Maria Munir (/ˈmɑːriə/ MAHR-ee-ə) is a public speaker and human rights defender who speaks out on a range of discrimination issues, including transgender rights and non-binary discrimination. Munir campaigns to encourage governments to implement policies that do not discriminate against non-binary people.

== Activism ==

=== Non-binary rights ===
In April 2016, Munir came out as non-binary on live television at a question and answer session with former US President Barack Obama during his state visit to the United Kingdom. The decision to declare non-binary identity publicly gained media discussion of non-binary rights and Munir was interviewed on the subject by The Guardian, Channel 4, The Telegraph and others.

Munir campaigns to raise awareness of the meaning of identifying as non-binary, and campaigns for their rights. In a 2016 interview, Munir said: "At university I came across the idea of being non-binary, and straight away I knew that's me."

Munir has campaigned for the UK Parliament to extend the Equality Act 2010 to non-binary individuals.

=== Facial palsy ===
Munir was born with unilateral left-sided facial palsy.
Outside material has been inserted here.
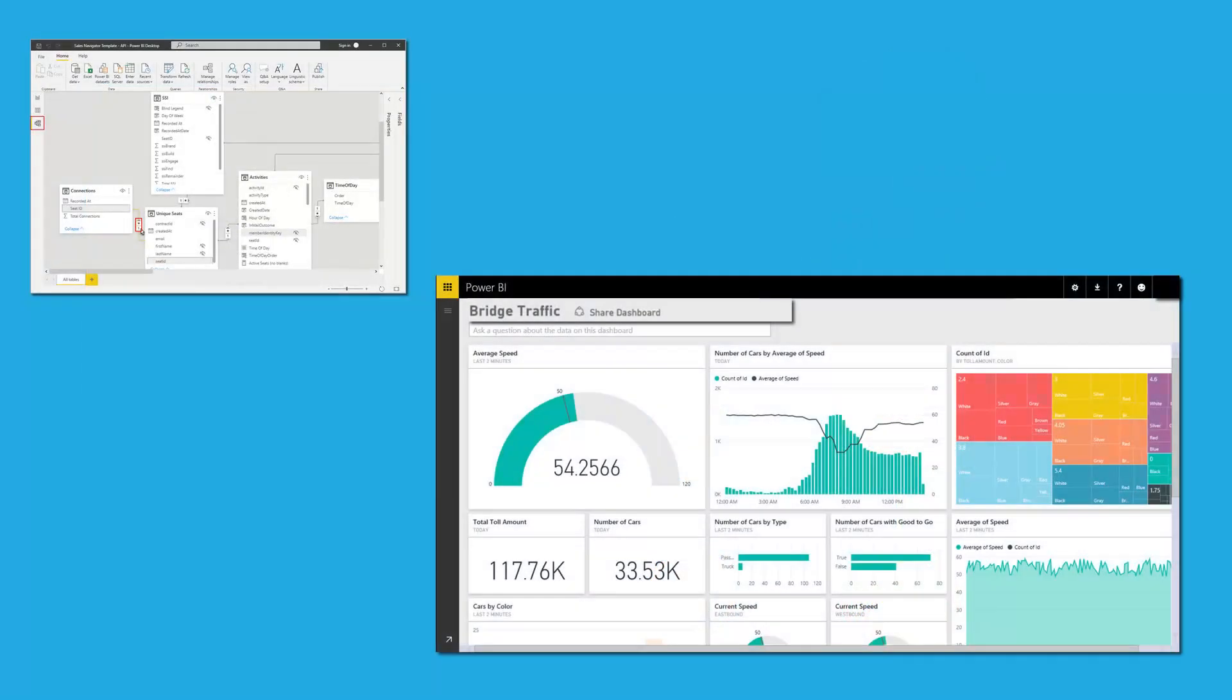Power BI is a tool that allows you to visualize and analyze data from various sources. With Power BI, you can create interactive dashboards and reports that provide real-time insights into your business operations. For example, you can use Power BI to create a dashboard that displays key performance indicators for your department, such as revenue, customer satisfaction, or productivity.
They created a poster campaign highlighting the symptoms of facial palsy, and worked with Fixers UK to broadcast a segment on the television program Calendar on ITV Tyne Tees about the effects of the condition, and addressed a conference of the Royal Society of Medicine in October 2015, to an audience of pediatricians and other professionals.

== Political career ==
Munir has been an active member of the Liberal Democrats, standing as a council candidate in their home town of Watford in the May 2016 Borough Council election. They stood in the Vicarage ward, a Labour stronghold, coming fourth with 279 votes. Munir campaigned for Sal Brinton's election as the Party Chair, and co-wrote the Your Liberal Britain strategy for the Liberal Democrats in September 2017 with Elaine Bagshaw, Duncan Brack, Rory Freckleton, Lee Howgate, Scott Smith, and Stephen Tall.

== Awards ==
In 2016, Munir was shortlisted for the Christine Jackson award by the advocacy group Liberty (advocacy group) for their work highlighting the inequality that exists in UK law relating to non-binary people. They were also named as one of 8 Girls' Champions as part of the BBC's 100 Women series.

In October 2018, Munir was awarded La Médaille du Barreau by L'Ordre des Avocats de Paris, along with other human rights advocates at the Human Rights Defenders World Summit 2018, symbolising their position as an honorary lawyer for their work.